In House of Sky and Breath, new forces are shifting, the Ophion rebels on one side, the questionable Asteri on the other, with the powerful Princes of Hel also making an appearance. Bryce and Hunt need to discover the extent of their powers and unleash their potential before things come to a head. We are also given a closer look at the machinations of the Merfolk, the River Queen, and the Ocean Queen.
Unpopular Opinion - the sex scenes served as a cold shower for me. An unwanted interlude between one action packed or emotionally charged, scene and another. Then again, it all depends on what the reader is looking for of course. If like me, you are more fascinated by the mysterious Mystics, the cruel Underking, the internal changes in the wolf pack, and the mystery behind the Asteri’s dominance of Midgard, then yes, the slow sex scenes might seem dragging and repetitive. On the other hand, if you are more interested in the love story and the steamy scenes, you are in for a treat. This does not mean that the plot is not engaging or exciting – it is. Which is perhaps why I was so impatient with all the sensual deviations from it. I wanted to get on with it and discover what happened next!
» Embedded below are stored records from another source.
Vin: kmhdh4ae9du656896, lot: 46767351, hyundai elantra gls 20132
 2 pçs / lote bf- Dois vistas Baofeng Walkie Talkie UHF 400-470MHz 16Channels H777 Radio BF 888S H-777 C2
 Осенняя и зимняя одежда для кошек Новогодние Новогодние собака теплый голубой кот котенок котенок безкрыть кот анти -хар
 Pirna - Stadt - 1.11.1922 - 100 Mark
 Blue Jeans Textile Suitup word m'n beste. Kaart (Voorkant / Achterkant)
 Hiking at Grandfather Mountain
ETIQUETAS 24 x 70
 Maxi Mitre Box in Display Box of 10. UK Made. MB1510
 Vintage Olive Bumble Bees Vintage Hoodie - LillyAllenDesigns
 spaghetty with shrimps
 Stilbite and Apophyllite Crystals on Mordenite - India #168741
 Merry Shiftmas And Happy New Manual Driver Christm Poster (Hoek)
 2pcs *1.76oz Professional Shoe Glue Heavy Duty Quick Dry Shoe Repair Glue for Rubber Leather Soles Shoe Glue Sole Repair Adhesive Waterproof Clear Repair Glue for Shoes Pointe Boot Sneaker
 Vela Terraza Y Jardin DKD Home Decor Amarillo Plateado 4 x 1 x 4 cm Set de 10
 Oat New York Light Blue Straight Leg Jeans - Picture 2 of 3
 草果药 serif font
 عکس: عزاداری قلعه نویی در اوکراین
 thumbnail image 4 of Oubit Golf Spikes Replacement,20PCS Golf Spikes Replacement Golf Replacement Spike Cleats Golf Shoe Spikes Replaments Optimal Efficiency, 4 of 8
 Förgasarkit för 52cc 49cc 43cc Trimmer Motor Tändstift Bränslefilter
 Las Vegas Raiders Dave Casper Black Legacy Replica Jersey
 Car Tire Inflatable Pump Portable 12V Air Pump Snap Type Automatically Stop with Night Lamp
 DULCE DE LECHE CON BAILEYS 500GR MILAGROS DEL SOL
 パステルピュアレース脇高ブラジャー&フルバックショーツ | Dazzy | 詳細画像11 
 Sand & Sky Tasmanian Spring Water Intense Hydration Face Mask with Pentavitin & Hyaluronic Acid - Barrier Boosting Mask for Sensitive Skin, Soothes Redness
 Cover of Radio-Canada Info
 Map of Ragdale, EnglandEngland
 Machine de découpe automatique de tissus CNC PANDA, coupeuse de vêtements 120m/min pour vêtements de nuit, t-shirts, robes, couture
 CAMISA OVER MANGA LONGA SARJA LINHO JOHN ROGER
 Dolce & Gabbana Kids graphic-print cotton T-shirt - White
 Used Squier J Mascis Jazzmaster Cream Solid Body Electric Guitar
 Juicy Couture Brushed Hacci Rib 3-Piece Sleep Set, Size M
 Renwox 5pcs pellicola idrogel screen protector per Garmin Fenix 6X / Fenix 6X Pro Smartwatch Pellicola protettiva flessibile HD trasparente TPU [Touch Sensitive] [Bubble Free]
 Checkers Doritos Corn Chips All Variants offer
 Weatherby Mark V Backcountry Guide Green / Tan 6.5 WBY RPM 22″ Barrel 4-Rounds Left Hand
As with House of Earth and Blood, although the story is full of twists and turns, the biggest revelations happen towards the end. And they are truly explosive and well worth the wait!
In conclusion - while I used to adore Buffy the Vampire Slayer, I must admit that personally, Nora Roberts’ style of writing is not my cup of tea, and maybe that is why I did not much enjoy certain parts of this book which instead of focussing on the plot, focussed in detail on the sexual tension and the romantic push-and-pull dance between the characters. I would have preferred more worldbuilding and character development, instead of what I felt were long drawn-out sex scenes written with the aim of titillating the reader, rather than furthering the plot. Of course, this is just my personal opinion, and if what you are looking for is romance and sensual drama, you will be swept away by these sizzling scenes for sure. However, I DID enjoy this book - its revelations, the emotions and relationships between the characters, and the bustling, moody, changeable urban landscape that is Crescent City, with its hidden turmoil and secrets. There are of course, things I also did not enjoy, and this repetitive and irritating perspective sometimes marred my objectivity when it came to Maas’ writing. I am however, definitely looking forward to the next instalment in the trilogy and hoping it will be even better.